Monday, October 8, 2012

It's OK to be Less Than Perfect

I know I've ranted recently about the idea of self love and the need to cultivate  it in our daily lives. It sounds like a really lovely idea too: "sorry I can't work those extra hours today, I need to go to yoga" or "no I will not bake an extra set of cookies for you, I deserve a pedicure..." the list goes on and on.

I had an interesting conversation with my aunt last night. The topic centered around the stresses we endure everyday (some realistic and some are self-induced). One of my biggest stressors as of late has been my decision to go to seminary school and my perhaps mistaken belief that my family thinks I'm crazy for doing it. What I didn't realize was how this belief colored the rest of what's going on in my life--without familial support for one of the biggest decisions of my life I've applied that stress in a way that translates to "I'm not good enough" and "they aren't proud of my accomplishments." This then distills itself into other areas of life like work, relationships, weight and body issues, etc. My aunt made a convincing point last night as well--she said people can only relate in terms of their own experiences. If you're talking to someone who's never had a drive to attend seminary school, can they really understand where you're coming from? In the end, who cares as long as you're happy? (this is admittedly sometimes harder to qualify, especially if family support is really important to you)

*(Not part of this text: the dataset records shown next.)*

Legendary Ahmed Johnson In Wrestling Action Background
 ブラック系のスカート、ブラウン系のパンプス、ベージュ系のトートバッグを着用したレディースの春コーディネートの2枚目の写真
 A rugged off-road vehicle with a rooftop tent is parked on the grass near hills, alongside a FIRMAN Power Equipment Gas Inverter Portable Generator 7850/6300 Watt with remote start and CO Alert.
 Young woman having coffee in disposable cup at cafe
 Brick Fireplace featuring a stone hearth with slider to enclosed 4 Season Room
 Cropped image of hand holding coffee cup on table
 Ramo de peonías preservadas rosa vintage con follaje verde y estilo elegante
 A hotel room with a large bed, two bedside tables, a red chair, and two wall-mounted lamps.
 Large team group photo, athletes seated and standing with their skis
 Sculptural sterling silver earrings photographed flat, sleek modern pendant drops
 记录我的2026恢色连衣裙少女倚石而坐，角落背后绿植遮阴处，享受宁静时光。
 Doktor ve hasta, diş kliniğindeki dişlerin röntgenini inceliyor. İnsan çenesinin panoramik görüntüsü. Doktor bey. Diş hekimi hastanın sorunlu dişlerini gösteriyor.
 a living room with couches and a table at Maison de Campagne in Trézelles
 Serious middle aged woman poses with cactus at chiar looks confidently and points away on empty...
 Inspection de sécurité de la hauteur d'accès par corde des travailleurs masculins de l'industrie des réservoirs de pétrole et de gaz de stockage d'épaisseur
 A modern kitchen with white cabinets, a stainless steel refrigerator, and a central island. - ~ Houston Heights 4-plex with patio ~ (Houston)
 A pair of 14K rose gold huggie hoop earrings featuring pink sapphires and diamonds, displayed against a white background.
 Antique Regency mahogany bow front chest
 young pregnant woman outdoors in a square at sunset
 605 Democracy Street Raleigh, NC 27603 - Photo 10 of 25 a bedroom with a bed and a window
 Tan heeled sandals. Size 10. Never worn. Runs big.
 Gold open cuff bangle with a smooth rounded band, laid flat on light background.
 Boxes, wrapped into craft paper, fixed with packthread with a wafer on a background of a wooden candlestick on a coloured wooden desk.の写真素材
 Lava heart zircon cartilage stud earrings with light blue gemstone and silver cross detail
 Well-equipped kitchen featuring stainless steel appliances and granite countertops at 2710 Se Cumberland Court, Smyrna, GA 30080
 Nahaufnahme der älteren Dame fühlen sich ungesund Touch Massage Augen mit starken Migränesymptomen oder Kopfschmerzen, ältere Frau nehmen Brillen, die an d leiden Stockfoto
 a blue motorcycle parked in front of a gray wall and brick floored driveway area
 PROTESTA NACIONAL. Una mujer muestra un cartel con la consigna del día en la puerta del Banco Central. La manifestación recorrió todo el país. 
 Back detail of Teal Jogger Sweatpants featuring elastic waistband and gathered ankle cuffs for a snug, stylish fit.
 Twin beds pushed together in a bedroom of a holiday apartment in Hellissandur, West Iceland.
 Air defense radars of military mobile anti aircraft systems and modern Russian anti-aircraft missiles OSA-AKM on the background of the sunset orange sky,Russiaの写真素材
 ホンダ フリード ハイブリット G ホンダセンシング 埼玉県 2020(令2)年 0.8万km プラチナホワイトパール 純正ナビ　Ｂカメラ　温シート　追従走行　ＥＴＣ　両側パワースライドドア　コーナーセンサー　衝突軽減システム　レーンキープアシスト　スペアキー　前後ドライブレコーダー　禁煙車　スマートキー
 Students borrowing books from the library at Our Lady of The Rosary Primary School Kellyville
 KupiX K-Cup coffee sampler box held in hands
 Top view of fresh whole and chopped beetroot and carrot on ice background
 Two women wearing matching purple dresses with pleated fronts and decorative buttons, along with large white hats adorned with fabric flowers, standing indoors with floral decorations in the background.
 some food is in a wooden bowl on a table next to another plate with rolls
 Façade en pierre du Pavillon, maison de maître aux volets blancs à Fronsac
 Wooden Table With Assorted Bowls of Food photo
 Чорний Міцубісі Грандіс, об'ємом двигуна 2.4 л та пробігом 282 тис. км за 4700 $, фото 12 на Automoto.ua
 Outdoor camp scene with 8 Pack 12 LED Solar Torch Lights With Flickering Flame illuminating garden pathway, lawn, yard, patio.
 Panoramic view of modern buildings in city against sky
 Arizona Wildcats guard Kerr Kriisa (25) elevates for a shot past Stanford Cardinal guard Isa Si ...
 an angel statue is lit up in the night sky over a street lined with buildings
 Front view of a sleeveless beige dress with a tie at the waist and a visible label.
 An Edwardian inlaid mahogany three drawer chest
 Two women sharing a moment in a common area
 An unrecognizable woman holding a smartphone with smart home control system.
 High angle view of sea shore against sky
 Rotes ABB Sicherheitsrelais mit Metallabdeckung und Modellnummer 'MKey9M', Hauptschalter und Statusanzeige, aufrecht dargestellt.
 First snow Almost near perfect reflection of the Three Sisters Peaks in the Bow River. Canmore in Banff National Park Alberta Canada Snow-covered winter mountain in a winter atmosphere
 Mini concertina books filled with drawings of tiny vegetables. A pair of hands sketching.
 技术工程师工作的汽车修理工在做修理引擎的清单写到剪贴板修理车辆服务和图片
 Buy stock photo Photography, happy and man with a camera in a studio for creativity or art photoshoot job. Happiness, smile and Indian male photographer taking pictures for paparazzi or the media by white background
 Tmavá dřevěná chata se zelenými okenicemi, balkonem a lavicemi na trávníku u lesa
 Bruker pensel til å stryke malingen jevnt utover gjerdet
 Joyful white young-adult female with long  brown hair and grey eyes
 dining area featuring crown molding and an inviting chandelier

In my Vocation and Orientation class we're reading and speaking a lot about following our calling and living an authentic life. I asked the question last week about living a less-than-authentic life due to fear of societal pressures and lack of resources (i.e. money) I think that translates into other areas of our lives as well--"I need to weigh this much in order to be beautiful" and "I need to make this much money to be successful." In the end I think we need to give ourselves permission to not be perfect. I'm never going to please everyone in my life, but if I keep trying I'm never going to please me either.

You really are just where you need to be, just the way you are.